Llegar a 100, por otro lado, enloquece a cualquiera. El 100 te atrapa y no te suelta. Una vez ahí, la aguja no baja. No importa lo que te pase, se queda clavada en 100. Dicen que si eso pasa, te hacés viejo en poco tiempo y te morís totalmente solo  y olvidado por tus seres queridos. Pero, si me preguntás a mí, hay algo o alguien (para mí son “Los Tipos Estos”) que no permite que se llegue al 100. No siempre se puede evitar, pero cuando estás en 95 se prende una luz roja abajo del medidor. Cuando se prende esa luz empiezan a pasar cosas copadas que hacen que baje la aguja como por arte de magia. Yo creo que la mayoría de los lindos momentos que uno va recolectando a través de los años, se dan inmediatamente después de una luz roja. La otra vez te pasó a vos. Seguro que te acordás.

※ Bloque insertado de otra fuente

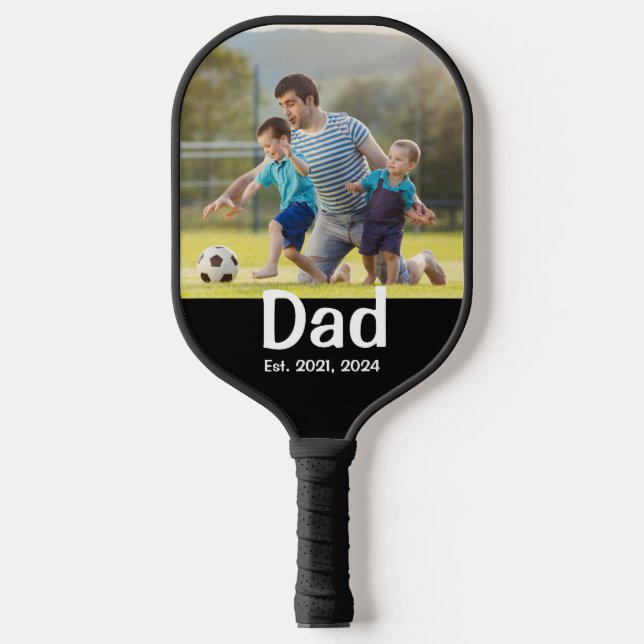 Dad hat Skript Schwarz Foto eingerichtet Pickleball Schläger (Vorderseite)
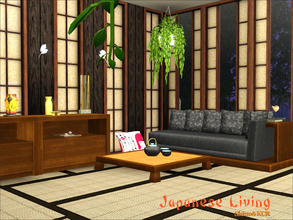 Sims 3 — Japanese Living by ShinoKCR — Coming up with a modern serene japanese Livingset Sofa Coffeetable TV Bench TV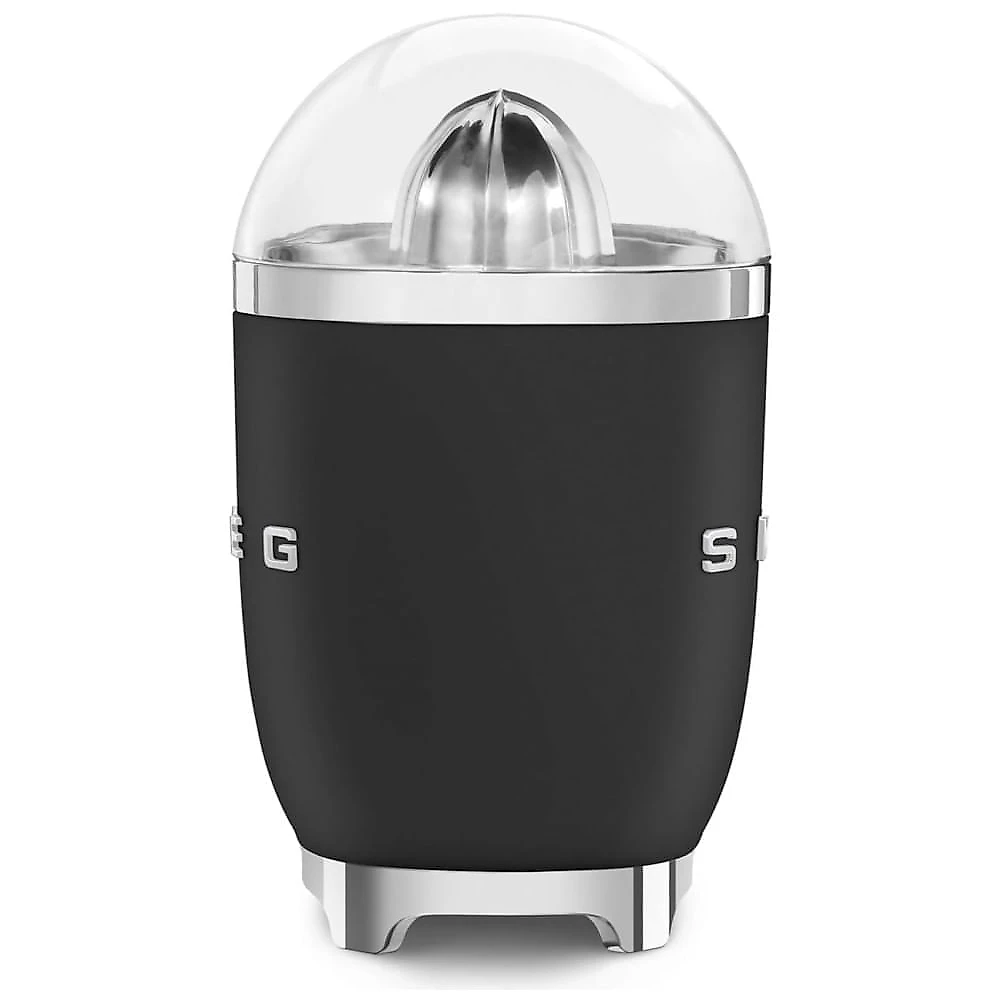 Espremedor de Suco Cítrico SMEG 50s Retro Style com Bico Anti gotejamento, Ativação Automática e Coleta Eficiente, Preto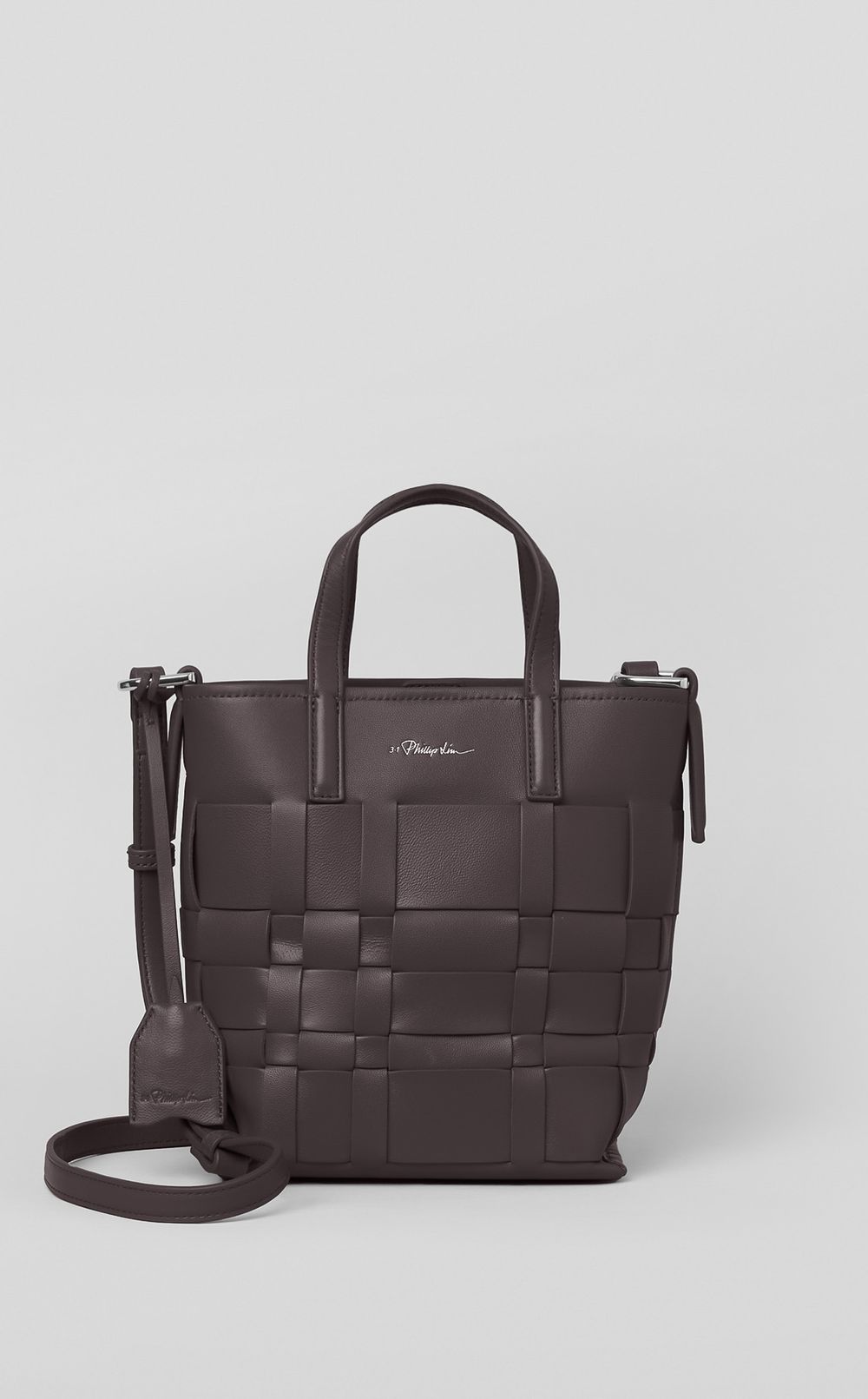 ミニモダン格子バゲットバッグ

— ¿A ver? — le pregunté interesado.
—Estabas en 90 y tantos, tirado en la cama, mirando el techo esperando que se caiga encima tuyo. De repente (y por vez primera) tu gata logró girar el picaporte, se abrió la puerta de tu habitación y entraron tus gatos, los dos juntitos. Ella se te acostó en el pecho y él a un costado, apoyándote la cabeza en la panza, y empezaron a ronronear fuerte como si cantasen un mantra sanador.

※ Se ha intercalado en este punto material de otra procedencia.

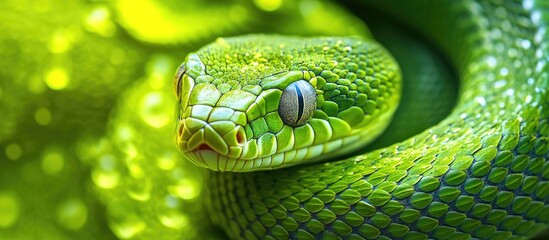 Fototapeta premium Close-up of vibrant green tree python with textured scales and focused eyes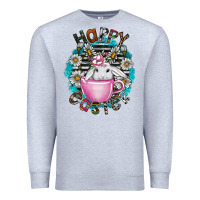 Heather Grey Happy Easter Premium Sweatshirt - CowhideDigitalArt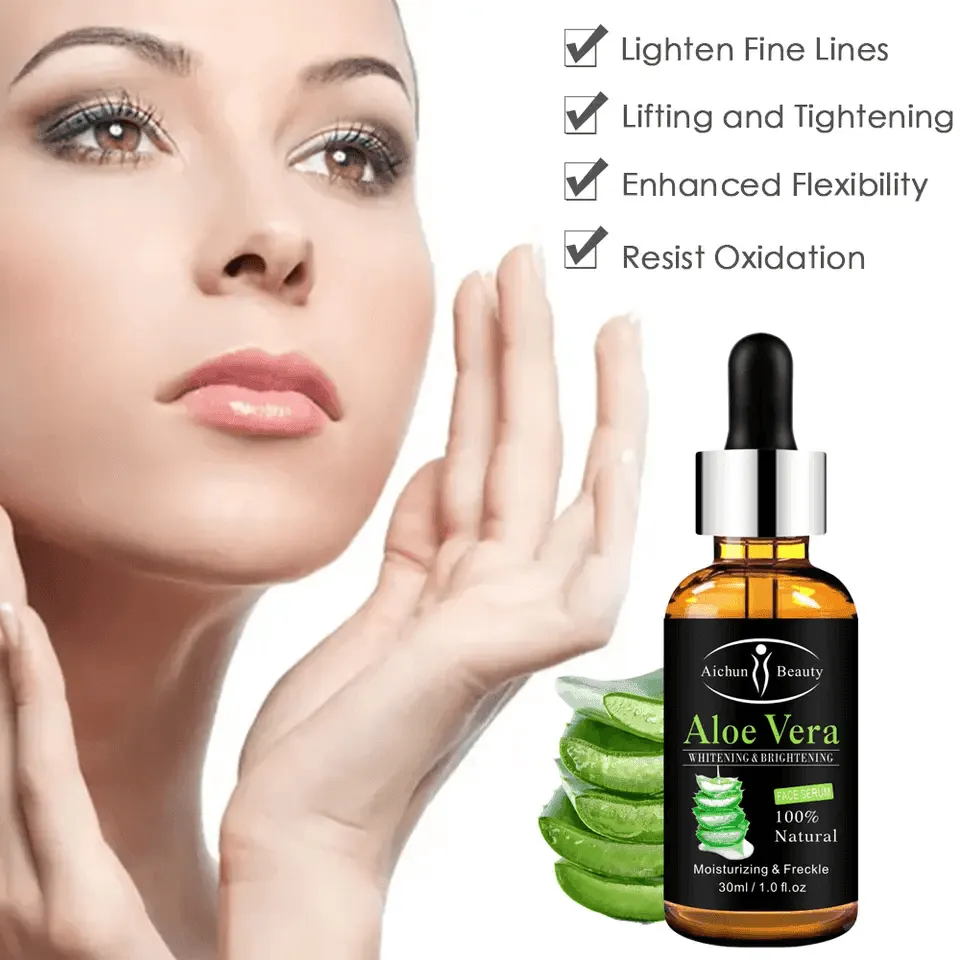 Aichun Beauty Aloe Vera Moisturizing & Brightening Face Serum (Black) - 30ml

No sé si te conté antes: En vos, un gato ronroneándote encima, hace que la aguja baje 2 puntos por minuto. Dos gatos a 2 puntos por minuto, bajaste a 75 en cinco minutos. Listo el pollo—
— Sí que me acuerdo— le confesé sorprendido.
— Bueno che, me tengo que ir, me esperan para almorzar. ¡Fue un gusto, de verdad! — me dijo Juan Carlos así como si nada.
— Ok, ¡mandále un saludo a los otros Juan Carlos! — le pedí.
— ¡Dale, mando! —me dijo divertido — ¡Cuidáte, no seas boludo! ¡ Y no te hagas quilombo al pedo!— me aconsejó mientras se iba.
Me desperté con la cabeza que me latía y con gusto a vómito en la boca.
Puse la pava en el fuego, esta vez con agua dentro, preparé el mate, hice sonar algo de música y me senté a tomar unos amargos y a pensar en lo que me acababa de pasar.

Si ponía atención, por detrás de la oreja todavía se podía escuchar a Juan Carlos que ya había vuelto de almorzar: “74”, “73“, “72”, “71”, decía al término de cada mate.